We use the deduplicated Pile. The data has been tokenized and pre-processed into the MosaicML Streaming format (MDS). This was not necessary but I had already done it for a separate project and found it convenient to be able to stream the tokenized dataset rather than downloading the entire thing and re-tokenizing it.

The group by id0, id1, id2 operations necessary to construct bigrams/trigrams are memory hungry. The default DuckDB group by operation ran out of memory so I used a sharding strategy with Parquet files and DuckDB. This was probably overengineering where I should've just used an instance with 3TB of memory, but it works and it wasn't very hard to setup. Using DuckDB over other parquet handling tools seemed to make sense because:

  • It's very fast and uses memory more sparingly compared to Pandas.
  • Many bulk parquet-processing tools like Spark are much more involved to setup. DuckDB is just a pip install.
  • I eventually put the tables into a DuckDB format anyway for a nice SQL interface.

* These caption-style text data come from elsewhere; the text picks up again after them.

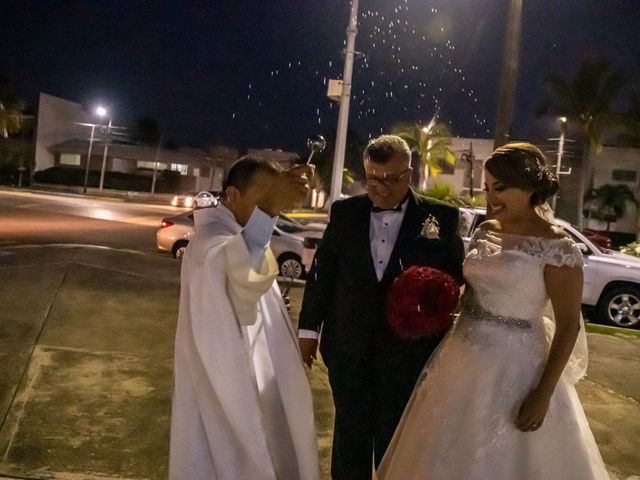 La boda de Julio y Crystel en Boca del Río, Veracruz 10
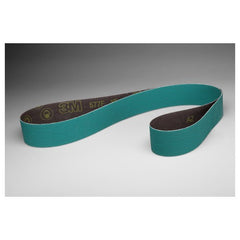 3M Cloth Belt 577F 80 YF-weight 2 in × 36 in Fabri-lok Single-flex 50 per case - Apex Tool & Supply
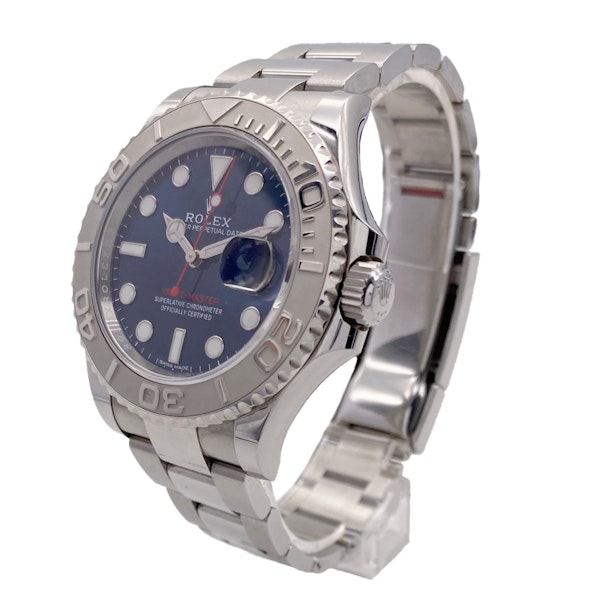 ROLEX YACHT-MASTER BLUE DIAL FULL SET 2018 - image 2
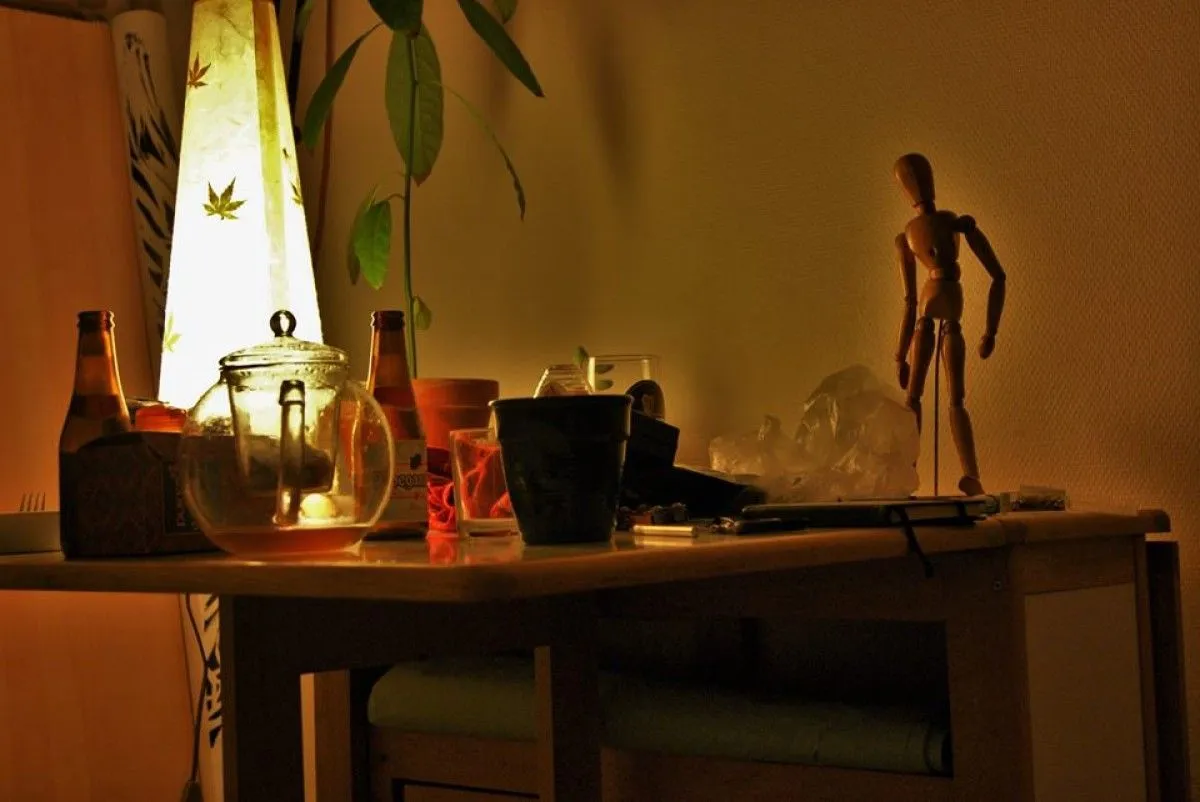 Identité Nocturne, artwork by Mekides Jeanpierre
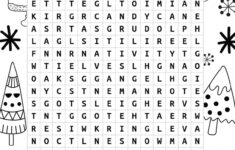Christmas Word Search | Skip To My Lou inside Christmas Worksheets Word Search
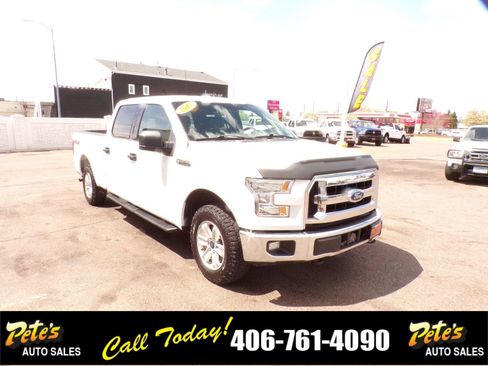Used 2017 Ford F150 XLT w/ Trailer Tow Package image 6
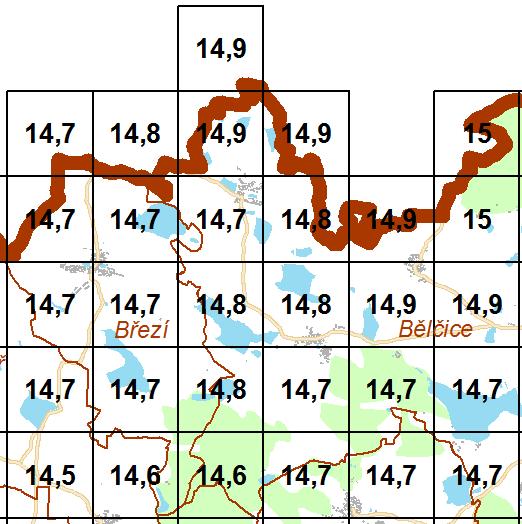 m -3 ] roční průměrná koncentrace Farm Projekt SO 2 [µg.m -3 ] 4.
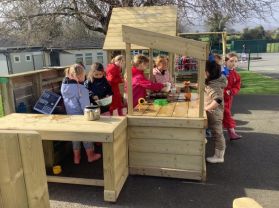 Outdoor Play in Foundation Stage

To perform the sharding, we stream The Pile from S3 and split into Parquet files by id0 % 64. Separating into chunks by id0 makes the later group by id0, id1, id2 step simple to do out-of-core.

Prompt scanning

We run prompt scanning only on the first shard of EleutherAI/the_pile_deduplicated. There are 1650 shards total. Shard #1 contains ~112.5 million tokens. Running on the first shard provides plenty of data for our current purposes but scaling up to a larger portion of the dataset would be straightforward. I would recommend using multiple GPUs because a single shard required ~19 hours to run on a single A6000.

Reproduction

Set up the environment:

mamba env create # or conda env create, but mamba is much faster
conda activate catalog
poetry install

Construct the MDS format streaming dataset in S3. out-root can be set to a local directory if you prefer.

python convert_dataset_hf.py --out-root="s3://caiplay/the_pile_deduplicated_16"

Run the bigram/trigram dataset construction code. On a r6a.16xlarge instance with 64 cores and 512GB RAM, the total runtime is ~3 hours, dominated by step 1 at 2 hours. The total disk size required is ~1TB. The final tables are ~80 GB in DuckDB format.

python catalog/build_ngrams.py all \
    --work-dir=data \
    --db-filename=data/ngrams.db \
    --batches 1000

Run prompt scanning on the first shard of The Pile. On a single A6000 GPU, the total runtime is ~19 hours.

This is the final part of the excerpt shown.